RECORDS PROVIDED ->
Segment Open

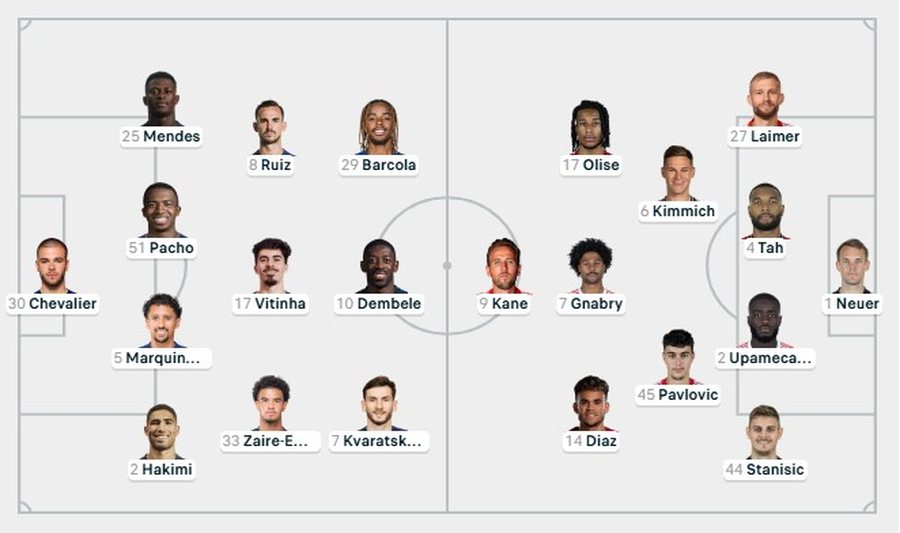 Nga PSG – Bayern te Liverpool – Real Madrid, Champions League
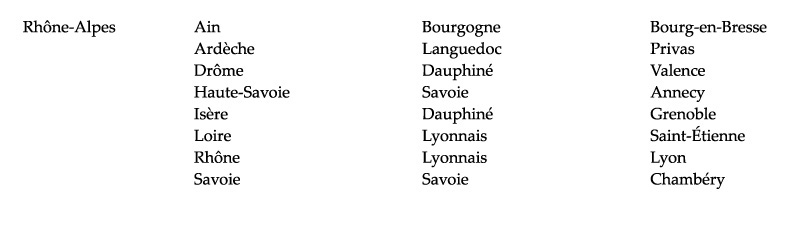 Regions departements et anciennes provinces de France p4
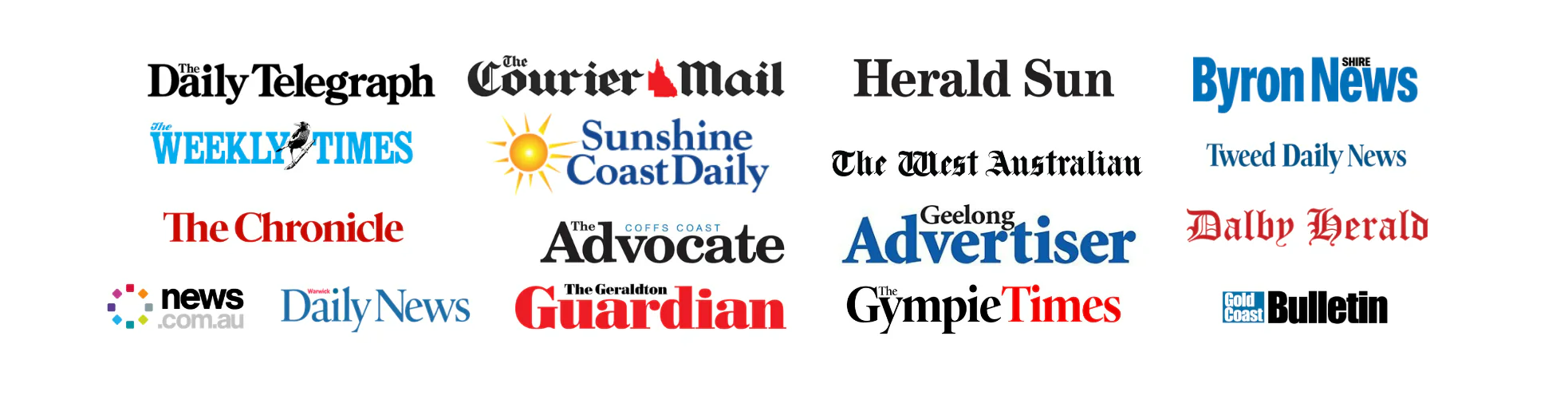 Range of publications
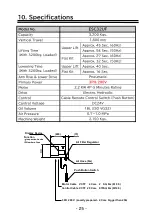 Предварительный просмотр 26 страницы Bishamon ESC32UF Operation Manual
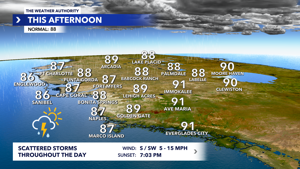 Cold Front Approaching Fort Myers-Naples Area; Specifics Awaited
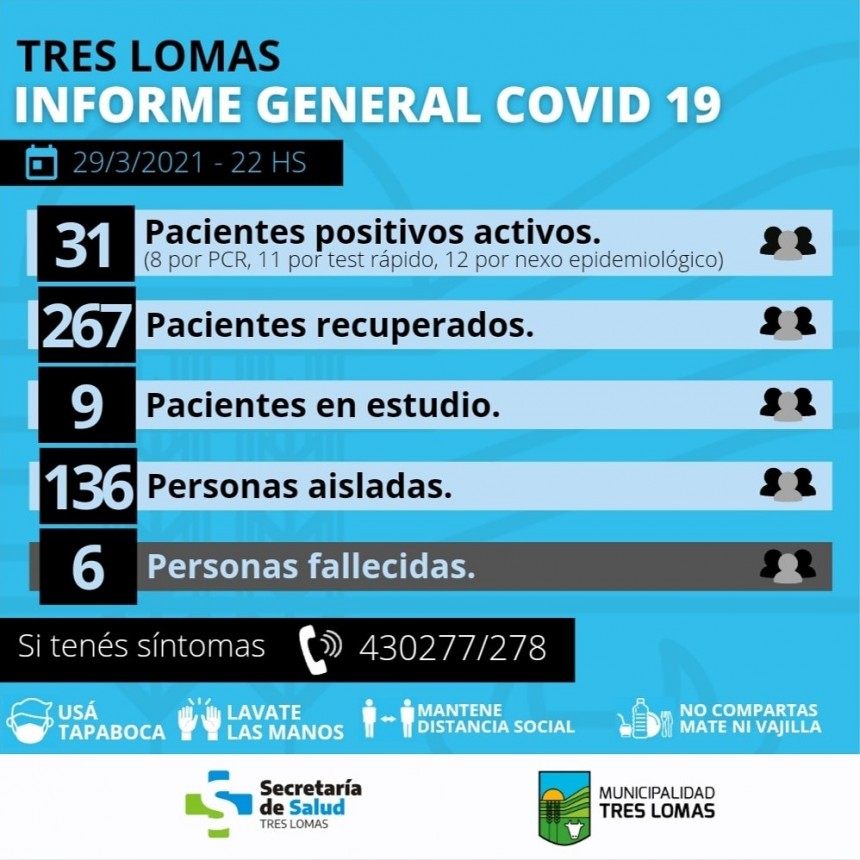 HAY 31 CASOS POSITIVOS ACTIVOS Y 136 PERSONAS AISLADAS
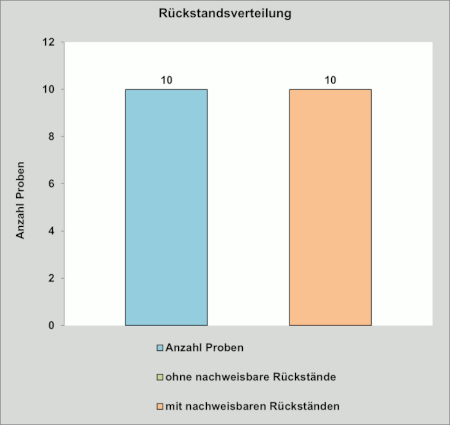 Abbildung 1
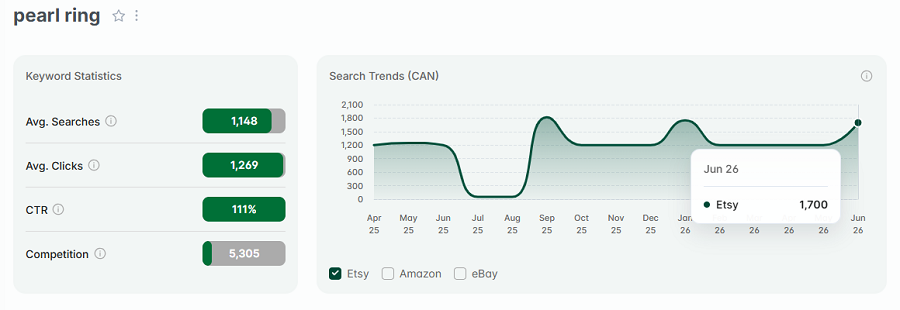 Left, Etsy Canada keyword stats for “pearl ring.” The line chart shows its 15-mo search trend performance.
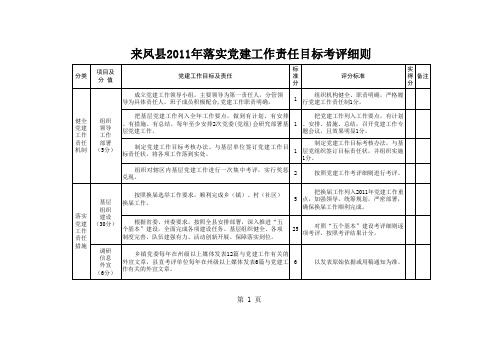 党建考评细则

Segment Closed

Restate the whole of the material word for word without the pictures.

EXERCISE OUTPUT ->
 Nga PSG – Bayern te Liverpool – Real Madrid, Champions League
 Regions departements et anciennes provinces de France p4
 Range of publications
 Предварительный просмотр 26 страницы Bishamon ESC32UF Operation Manual
 Cold Front Approaching Fort Myers-Naples Area; Specifics Awaited
 HAY 31 CASOS POSITIVOS ACTIVOS Y 136 PERSONAS AISLADAS
 Abbildung 1
 Left, Etsy Canada keyword stats for “pearl ring.” The line chart shows its 15-mo search trend performance.
 党建考评细则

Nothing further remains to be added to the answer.